Alternatively, you can measure the capacitance of the gate (G) against the source (S) if you have access to and LCR meter. Value should be compared to the datasheet or a similar FET.
IGBTs
- Identify the transistor's pins and determine which is the gate, emitter and collector.
- Set your multimeter to diode mode.
- Usually, IGBTs come with a diode connected in reverse parallel "freewheeling diode" (figure 1) to allow current to pass in the other direction. This means that all you have to do to measure an IGBT is check if the diode is still functional.
- Place the red probe on the emitter (E) and black probe on collector (C), you should measure a diode voltage drop (typically 0.4 - 0.7 V).
- If you read a high or low voltage drop, or "OL" that means the IGBT is faulty.
If you have access to a LCR meter, measure the gate (G) capacitance against the emitter (E). Value should be compared to the datasheet or a similar IGBT.
Replacement Considerations
If you can't replace the transistor with the exact same one, it is possible to use a different one while considering the following factors:
BJTs
- BJT type: Ensure you select the correct type (NPN or PNP) based on the original transistor's function.
- Package Type: Choose a replacement transistor with a compatible package type and pinout.
- Voltage and Current Ratings: "VCE" and "IC". Match or exceed the voltage and current ratings of the replacement transistor to the original to avoid overloading the transistor.
- Gain: In amplification applications, closely match the gain (hFE) of the replacement transistor to the original for proper amplification.
- Power Dissipation: Ensure the replacement transistor can handle the same or higher power dissipation as the original.
FETs
- FET type: Ensure you select the correct type (N or P channel) based on the original transistor's function.
- Package Type: Choose a replacement transistor with a compatible package type and pinout.
- Voltage and Current Ratings: "VDS" and "ID". Match or exceed the voltage and current ratings of the replacement transistor to the original to avoid overloading the transistor.
- RDSon: Resistance when turned on, It is very important to pick a FET that has the same or lower on resistance.
- Gate Capacitance: Try to stick to a FET with a close gate charge to the faulty one.

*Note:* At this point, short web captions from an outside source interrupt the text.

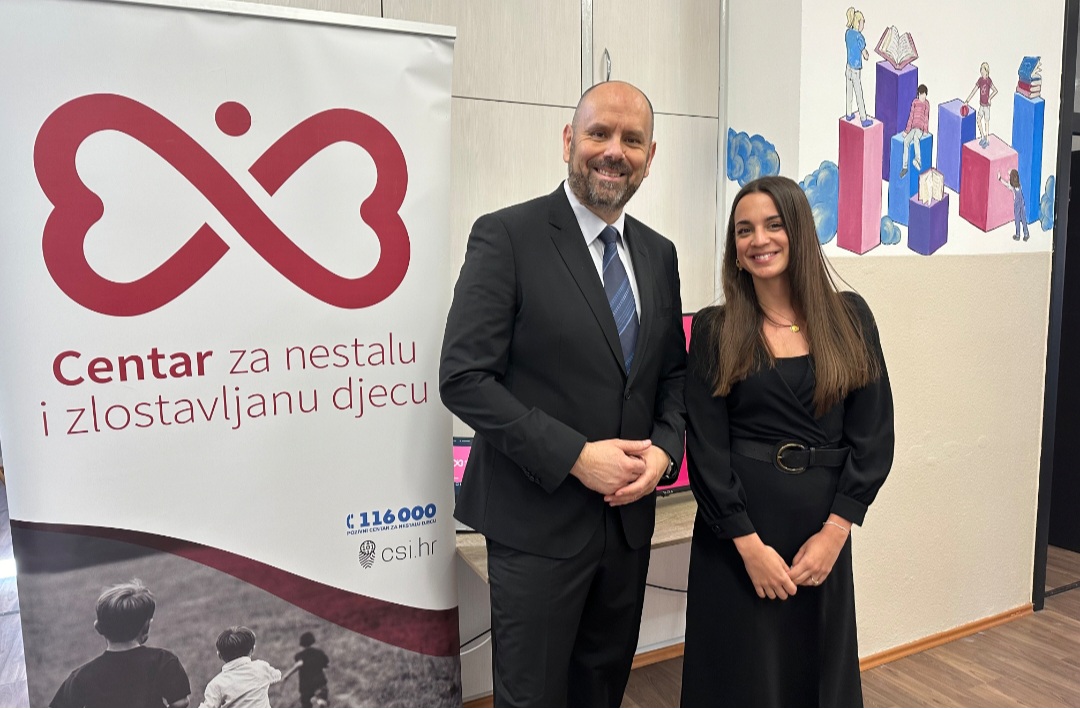 Centra za nestalu i zlostavljanu djecu preselio u nove prostore u Požegi i proširio svoje kapacitete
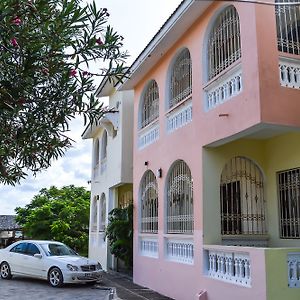 Platinum Hotels Mombasa ชานซู Exterior photo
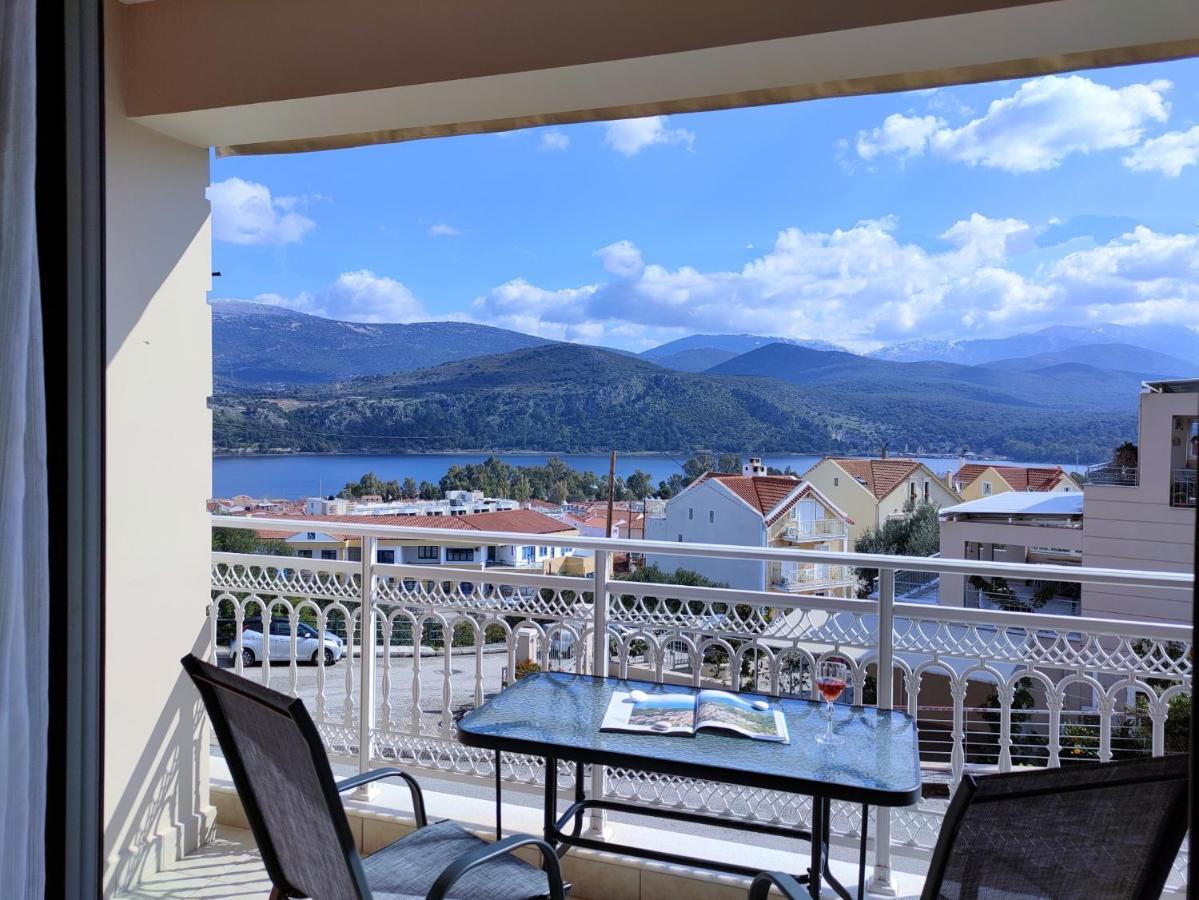 Blue Lagoon Luxury Apartment A3 Argostoli (Kefalonia) Exterior foto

- Switching Characteristics: Pay attention to "Turn On/Off Delay Time" and "Rise/Fall Time" especially for sensitive switching applications.
- Power Dissipation: Ensure the replacement transistor can handle the same or higher power dissipation as the original.
IGBT
- Package Type: Choose a replacement transistor with a compatible package type and pinout.
- Voltage and Current Ratings: "VDS" and "ID". Match or exceed the voltage and current ratings of the replacement transistor to the original to avoid overloading the transistor.
- RDSon: Resistance when turned on, It is very important to pick a FET that has the same or lower on resistance.
- Gate Capacitance: Try to stick to a FET with a close gate charge to the faulty one.
- Switching Characteristics: Pay attention to "Turn On/Off Delay Time" and "Rise/Fall Time" especially for sensitive switching applications.
- Power Dissipation: Ensure the replacement transistor can handle the same or higher power dissipation as the original.
Replacing a transistor with the wrong specifications can lead to circuit damage! It's essential to choose a replacement carefully.